- Material supplied:
════════

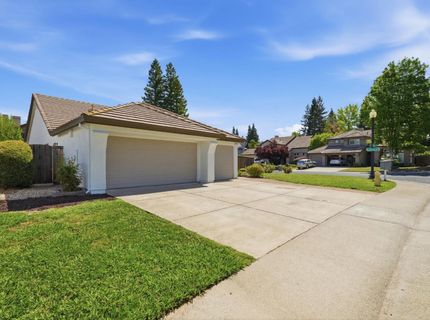 282 Thorndike Way, Folsom, CA 95630 Photo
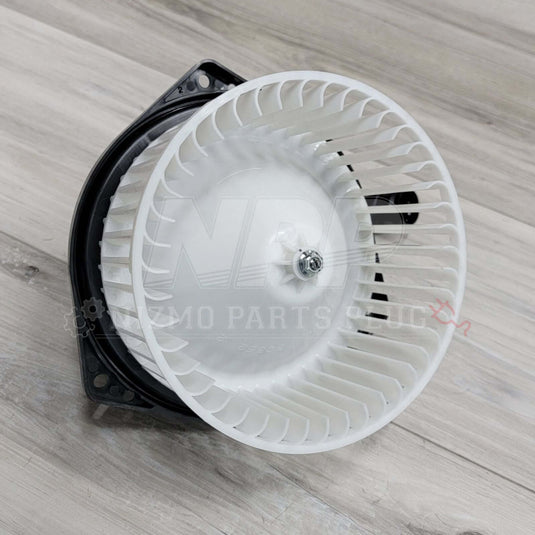 Nissan R33 Skyline HVAC Blower Fan Motor Assembly - NizmoPartsPlug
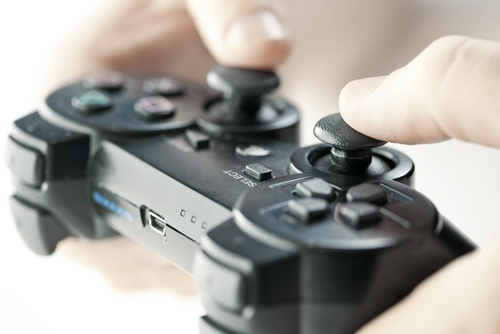 gaming gaming
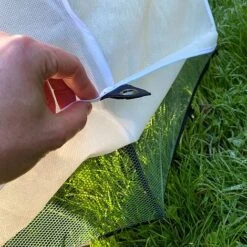 Frost Brolly Pest & Winter Protection Plant Umbrella Dome -PlantHub Shop FROSTBROLLY201000X100020696KB1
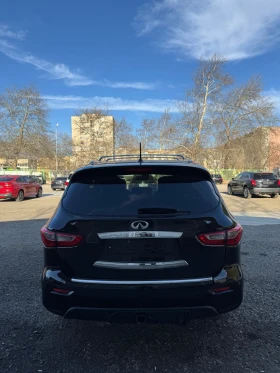 Infiniti QX60, снимка 4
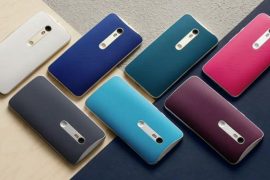 Moto X Pure OTA update with security patches rolling out, build 24.221.8.en.US
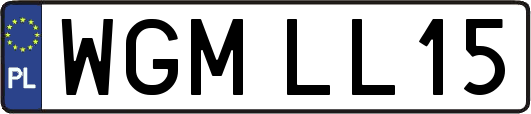 WGMLL15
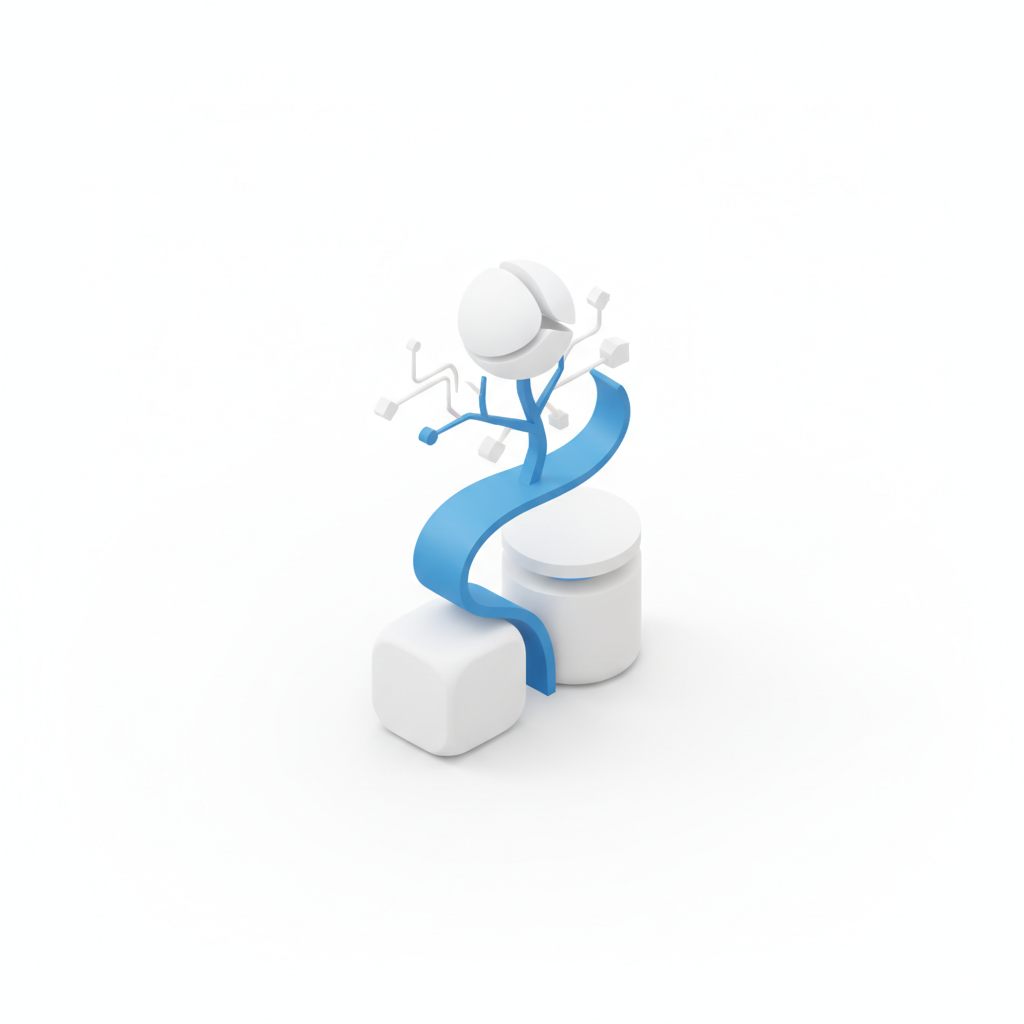 Augment agents and clients with AI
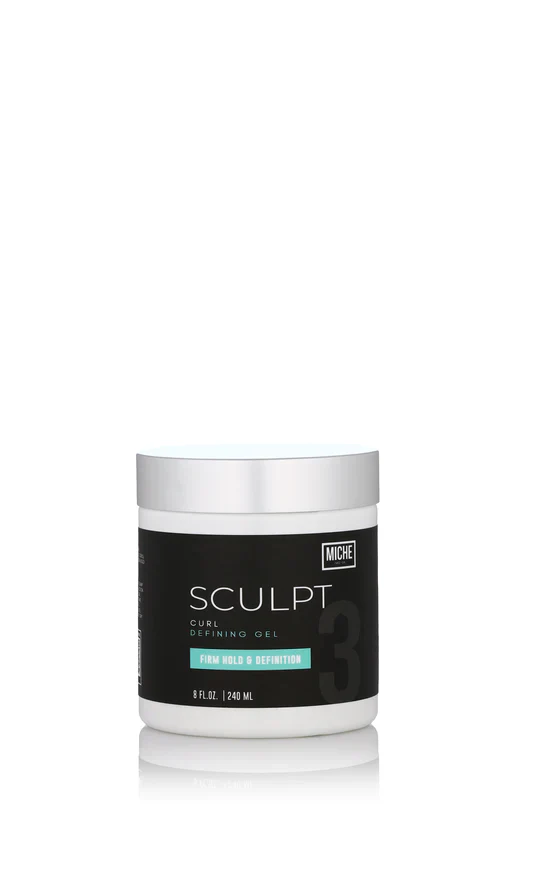 Miche Beauty Sculpt Curl Defining Gel 240ml/8oz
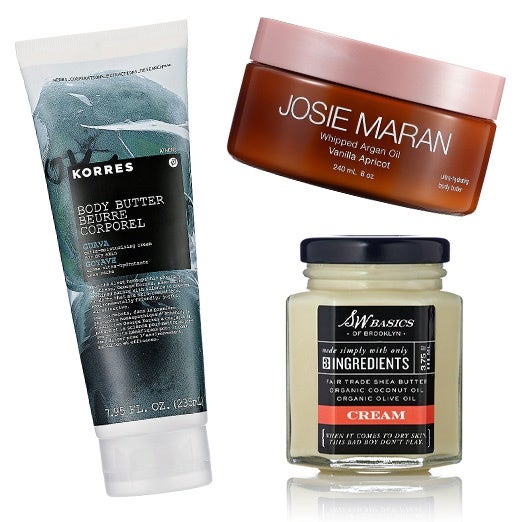 10 Best Natural Body Creams Rank & Style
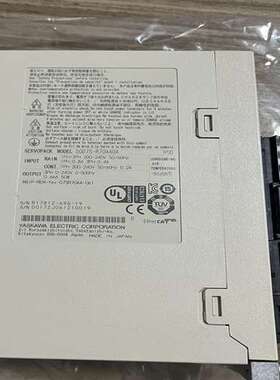 SGDM-04AC-SD2M驱动器GDV-8R4DA01A SGDV-1R9DA01A SGDV-3R5DA01A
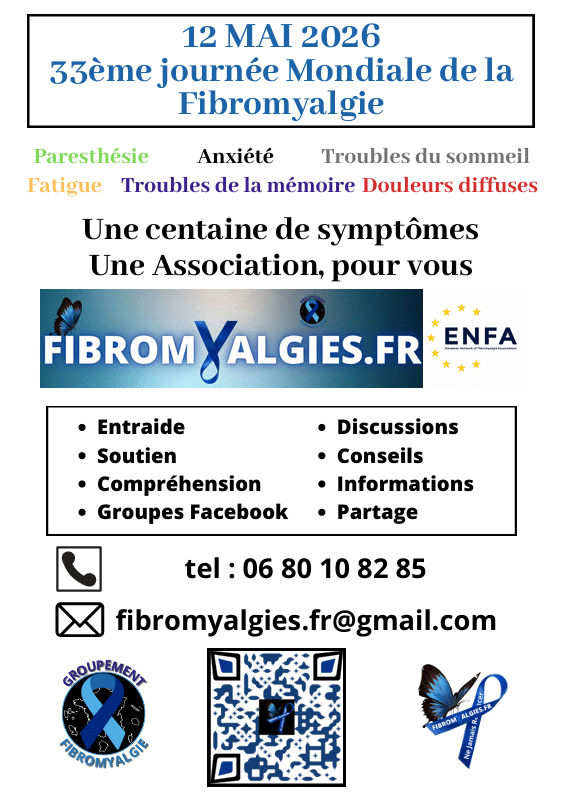 fibromyalgie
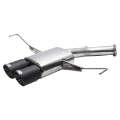 Picture of Injen 19-21 Hyundai Veloster L4 1-6L Turbo Performance Stainless Steel Axle Back Exhaust System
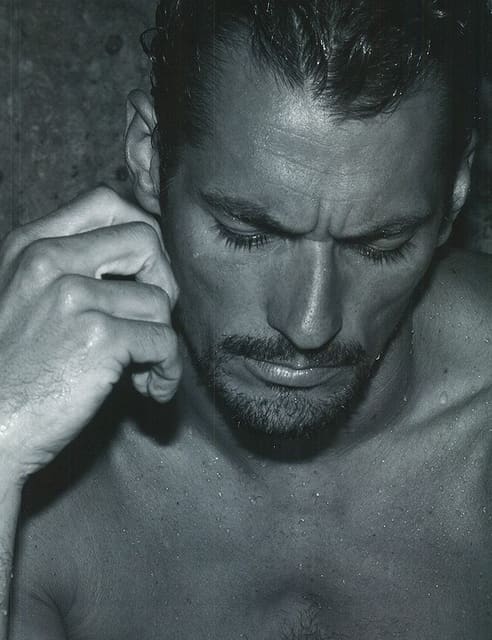 Man On Top — 7TH Man Magazine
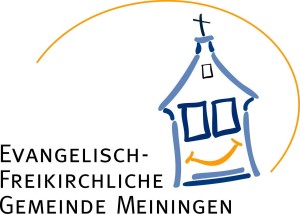 Logo Evangelisch-Freikirchliche Gemeinde Meiningen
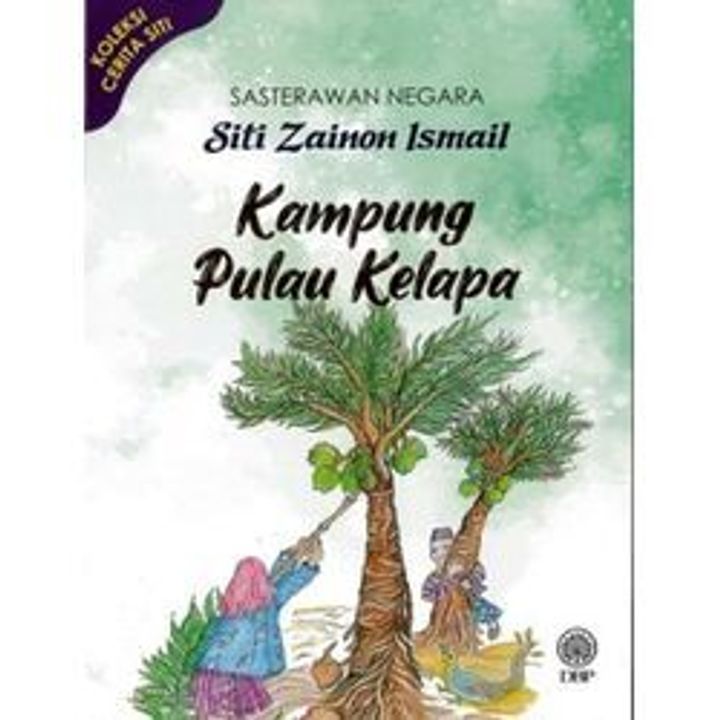 PulauKelapa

════════

- Requirement: Only one thing is required here: an exact copy of the lines from the one bearing "Man On Top — 7TH Man Magazine" through the final line above, both included, with pictures left out.

- Result of the task:
 Man On Top — 7TH Man Magazine
 Logo Evangelisch-Freikirchliche Gemeinde Meiningen
 PulauKelapa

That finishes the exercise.